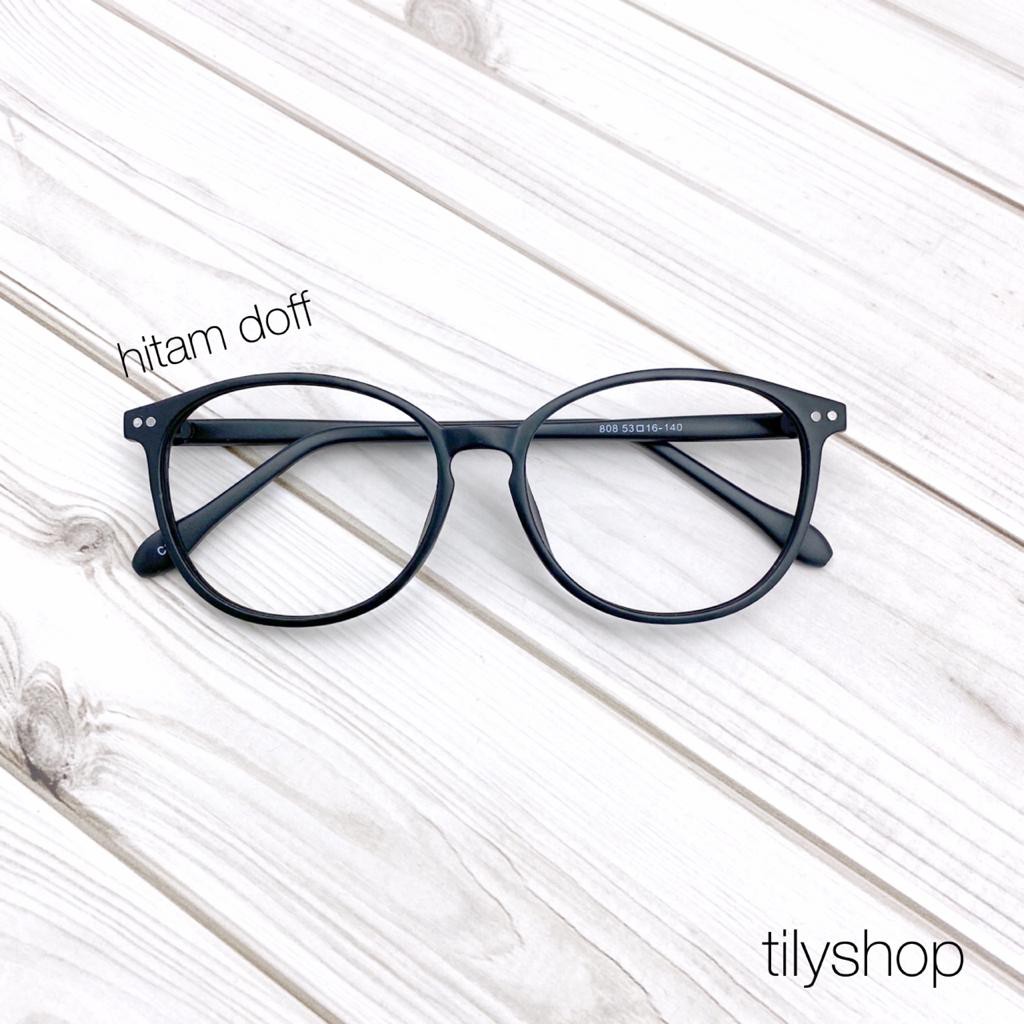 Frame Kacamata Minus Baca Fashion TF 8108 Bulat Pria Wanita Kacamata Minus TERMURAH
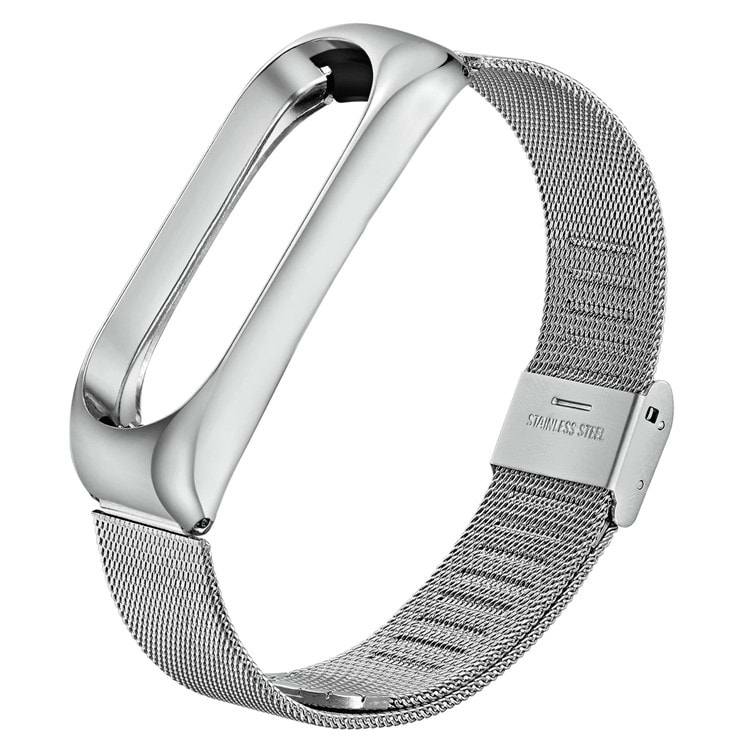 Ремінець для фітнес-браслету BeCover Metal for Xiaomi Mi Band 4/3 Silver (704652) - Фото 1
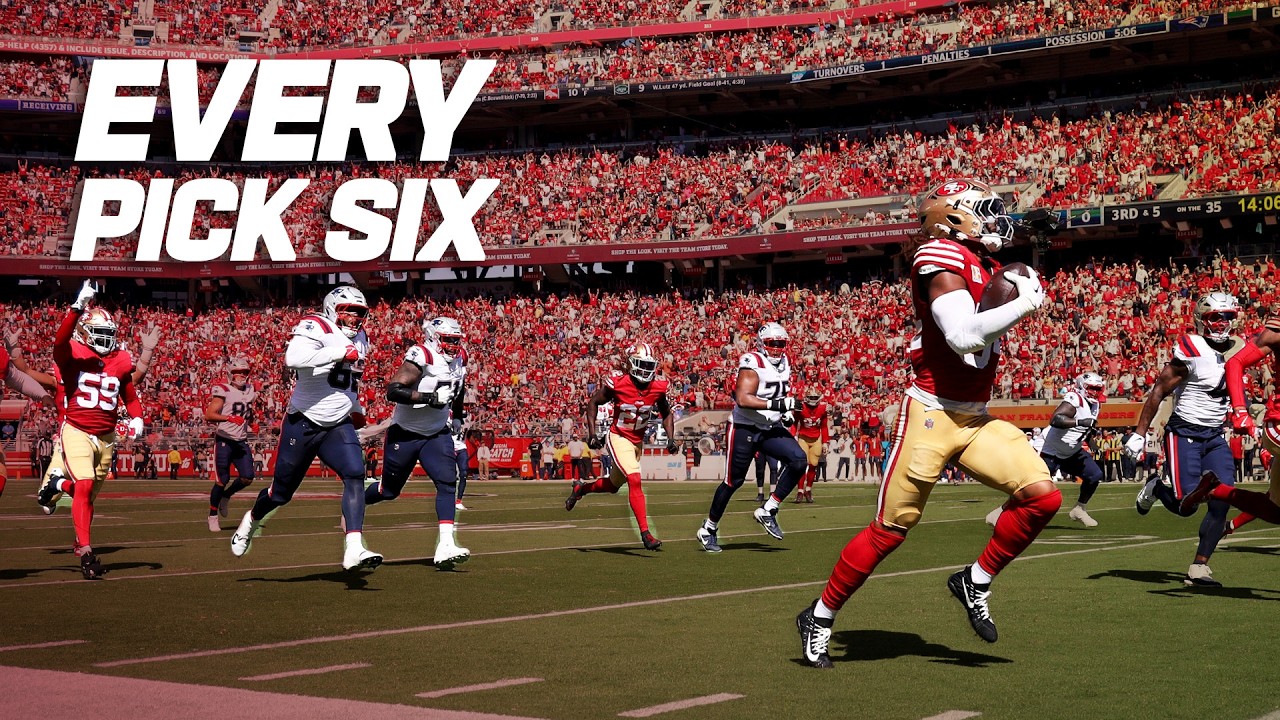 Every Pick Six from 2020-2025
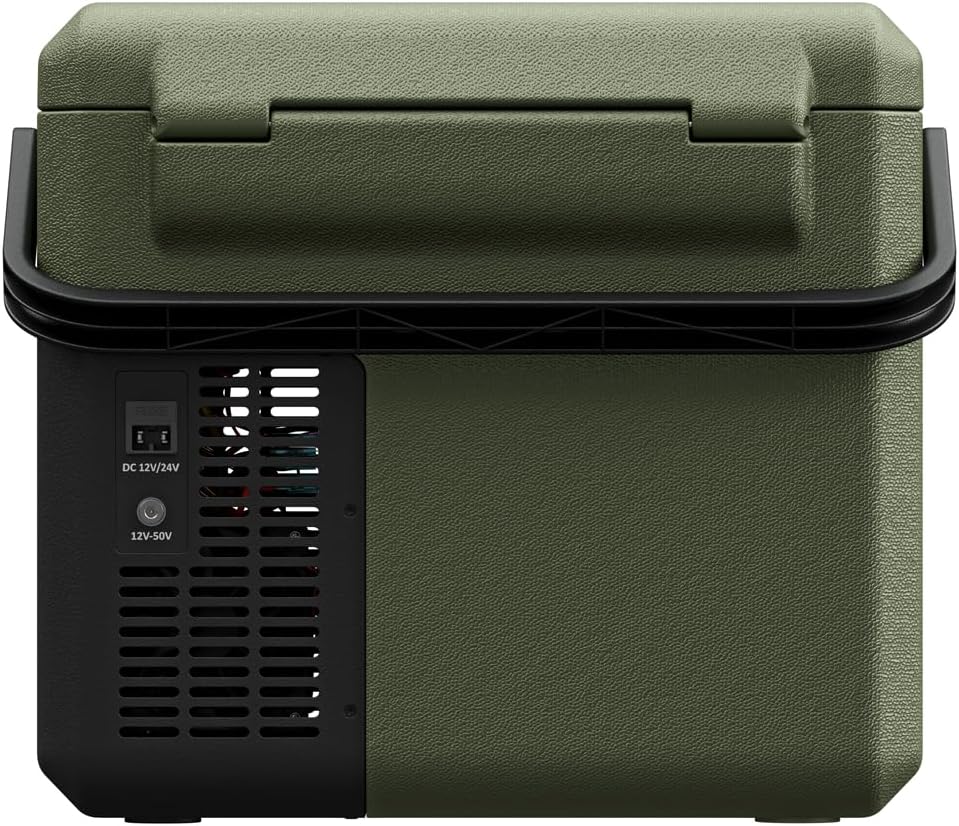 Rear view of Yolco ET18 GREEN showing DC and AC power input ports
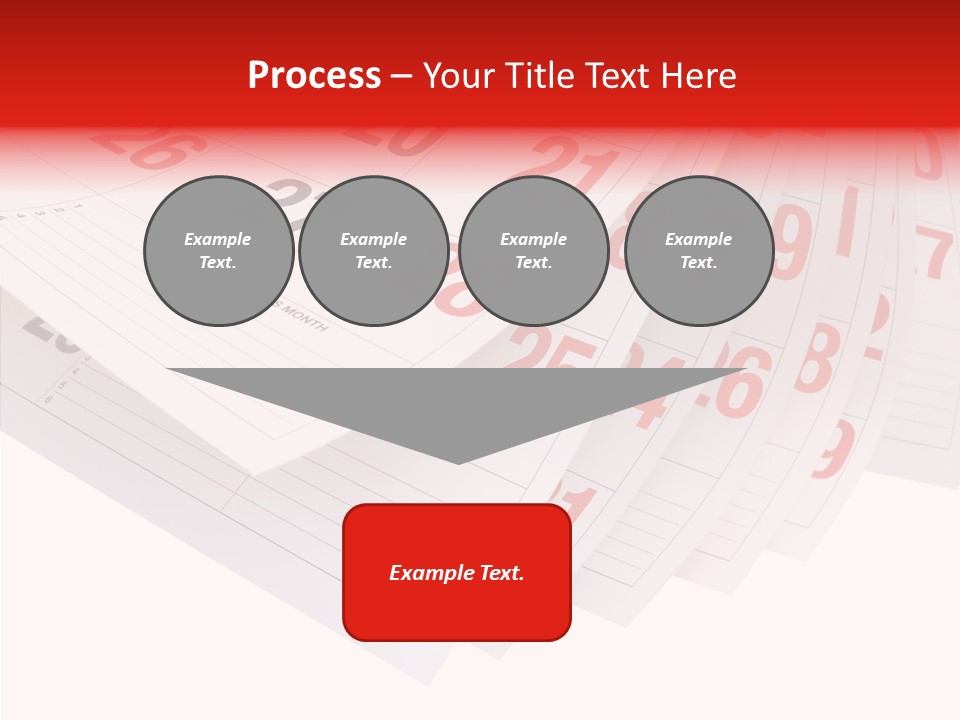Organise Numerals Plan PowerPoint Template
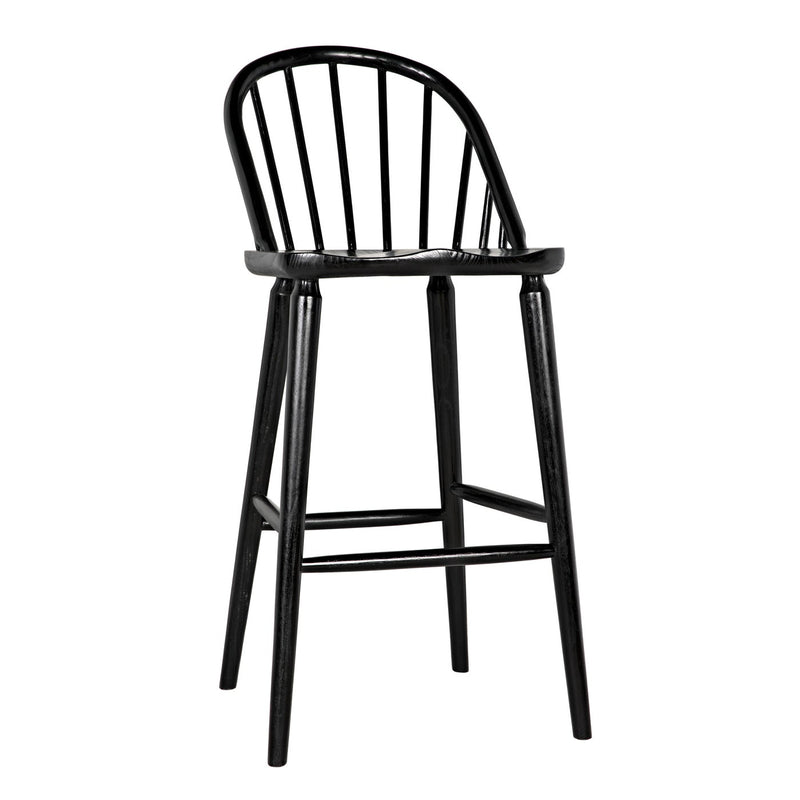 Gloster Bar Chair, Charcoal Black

**WHAT IS EXPECTED**: Nothing but the lines from the one containing "Organise Numerals Plan PowerPoint Template" through the final line of the records, both included and copied exactly, should appear in the answer; pictures stay out.

**EXERCISE RESPONSE**:
Organise Numerals Plan PowerPoint Template
 Gloster Bar Chair, Charcoal Black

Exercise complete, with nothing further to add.